Here are some of the more beautiful moments:
- He tells his wife he’s been seeing a dominant and she’s quitting and they might meet for coffee, that’s all. “Why are you telling me this?” she replies. “I thought you should know.”
- They are in session and he tries to have sex with her. “Do you fuck your clients?” she screams, pushing him away. “It’s not the same,” he responds. “It is to me.” Then she throws lube at him and tells him to jackoff. He sits with his back turned to her then she comes closer, runs her fingers through his hair.
- “I would never be able to get over how we met.”
“But we wouldn’t have met any other way.”
“I don’t want to be responsible for you.”
I don’t know how to do justice to this rich, nuanced film. But listen, he’s with his wife, and they’re sitting in armchairs on a lake. Their fingers are just inches apart. Their child is swimming. He tells his wife, “I love you very much.” “You hurt me,” she says. “I know,” he says, pain stretched across his face. “I’m very sorry.”
One of the things that is so interesting about this film is that the characters are essentially honest and aware of their desires. They talk through their scenes, they use safe words, and they push boundaries. The interaction between the client and professional dominatrix are extremely realistic. The scene in the S&M club is also true. “Take your clothes off and wait for me over there,” the woman tells him. “People will look at you but they won’t touch.”
Some reviewers didn’t think it was realistic that a wife would accept her husband seeing a professional dominatrix, but in reality it happens all the time. It’s also not uncommon for a dominatrix to date a client. Almost every professional dominatrix I know has dated a client at least once.
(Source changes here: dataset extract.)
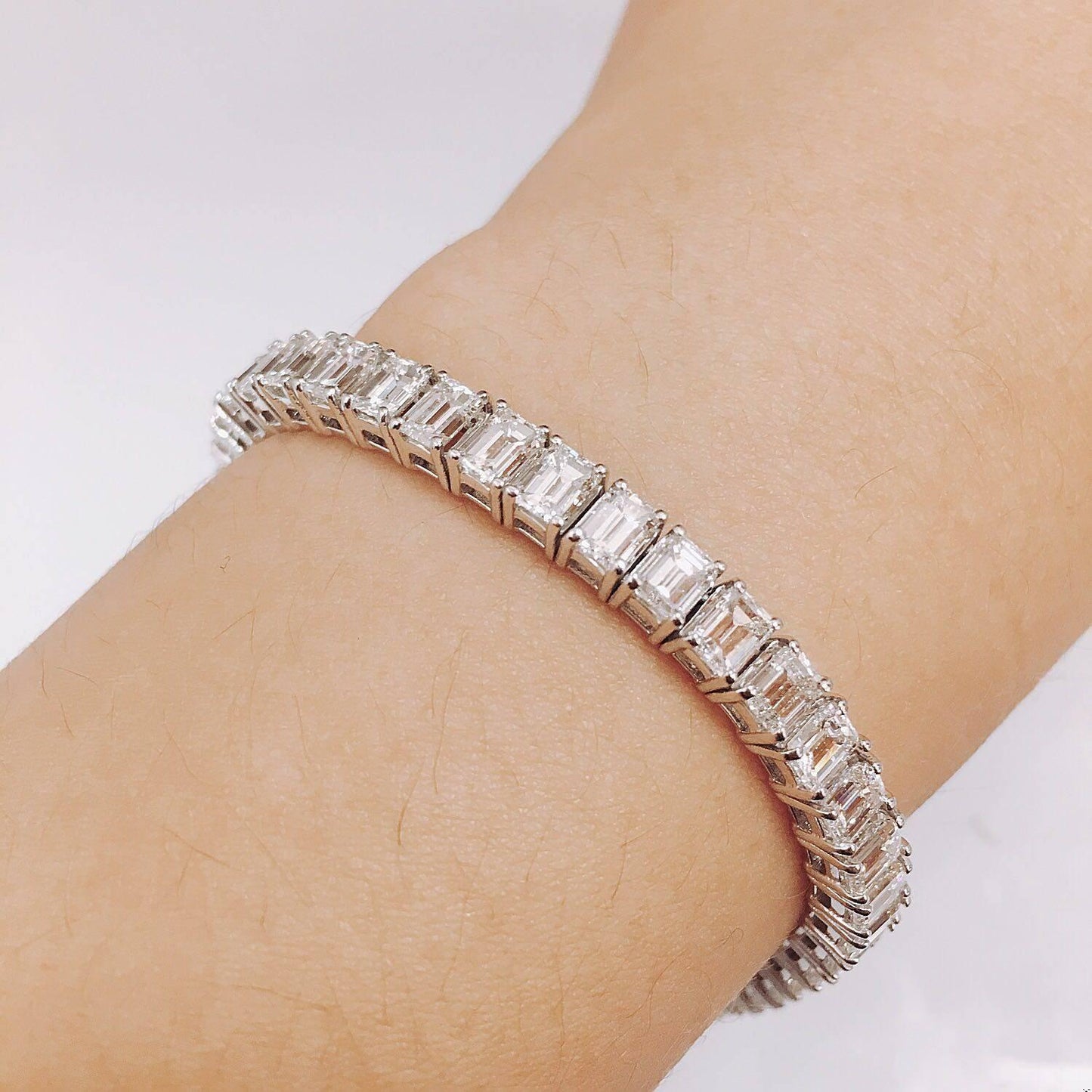 Emilio Jewelry Gia Certified 15.00 Carat Emerald Cut Diamond Bracelet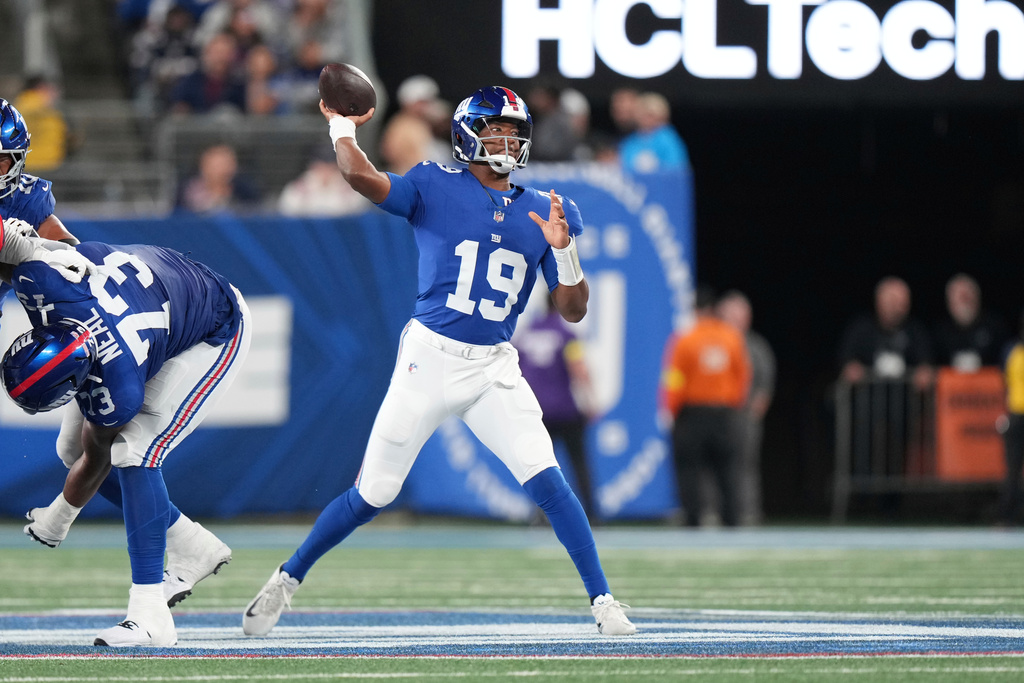 FILE - New York Giants quarterback Jameis Winston (19) prepares to make a throw from the pocket during an NFL preseason football game against the New England Patriots, Aug.. 21, 2025, in East Rutherford, NJ. (AP Photo/Peter Joneleit, File)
Though the protagonist tells his wife he sees dominants, being honest is not enough. He still falls in love and is more than willing to cheat on his wife. In fact, he already has emotionally. And there’s the question of age, the older man’s desire for youth, defense against mortality. The corruption of desire and how desire corrupts. Is a masochist selfish? Was he selfish to get married and then to insist on fulfilling his fantasies? Is that fair to his wife, his children? I would say yes, but it’s still a point that’s very open to debate. It’s healthier than at least one of the alternatives, which is to push the rage deeper, to bury yourself, to turn yourself off. Still it begs the question of whether it might be possible to find a life partner that could also fulfill these desires.
After the film the director was asked if the movie was autobiographic and he said yes and no. A woman complained about his use of the term erotic. She said he was using the term incorrectly and there was nothing erotic about the film. I disagree with you,I said, because I thought someone should. “Of course you disagree,” she replied. “You’re a man.”